At the UN committee meeting on Thursday, Australia, as well as 158 other countries, including the UK and New Zealand, voted to recognize “permanent sovereignty of the Palestinian people in the Occupied Palestinian Territory, including East Jerusalem, and of the Arab population in the occupied Syrian Golan over their natural resources.”
The resolution was first drafted 20 years ago.
The US, Israel, Canada, and four other countries voted against it, and 11 abstained.

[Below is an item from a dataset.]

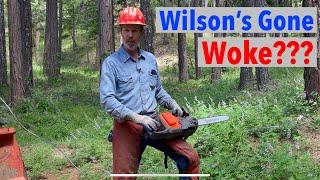 Surprising Results Logging w Battery Powered Chainsaw Husqvarna 350i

The resolution will now proceed to the UN General Assembly.
Penny Wong, the spokeswoman for Australia’s foreign minister, said the vote reflected concern for Israel’s actions, including “ongoing settlement activity, land dispossession, demolitions and settler violence against Palestinians.”
Australia also voted in favor of a separate resolution draft, which states that Israel must take responsibility and compensate Lebanon for its role in a 2006 oil spill.
160 other countries voted in favor of the second draft.
Alex Ryvchin, co-CEO of the Executive Council of Australian Jewry, said the voting reflected the “widening gulf” between the US and Australian positions on Israel and Palestine.
“This shift in voting won’t change much in Israel where the nation is concerned with Hamas and Hezbollah and hostages rather than the judgments passed by our government,” he added. “But it will be noticed in Washington and certainly by Australians with a connection to the conflict, which may well be the point.”
Jewish, Zionist groups alarmed by Australia’s shift
The Zionist Federation of Australia (ZFA) said it was alarmed by the shift in the country’s long-standing positions.
“This is nothing less than an abandonment of Australia’s ally, the only democracy in the Middle East, at the very time it is fighting an existential, multi-front war against Iran and its proxies.”
The ZFA added that the resolution opposes the construction of the security fence separating Gaza from Israel, which has saved thousands of lives.
“Without the fence that was opposed by this resolution, the death toll in Israel could have reached unimaginable levels.”
Political representative of the US mission to the UN, Nicholas Koval, said the US is “disappointed that this body has again taken up this unbalanced resolution that is unfairly critical of Israel, demonstrating a clear and persistent institutional bias directed against one member state.”
The Australian Jewish Association called it a “betrayal” and said the Albanese government was the most “hostile to Jewish life and the Jewish State in Australia’s history.”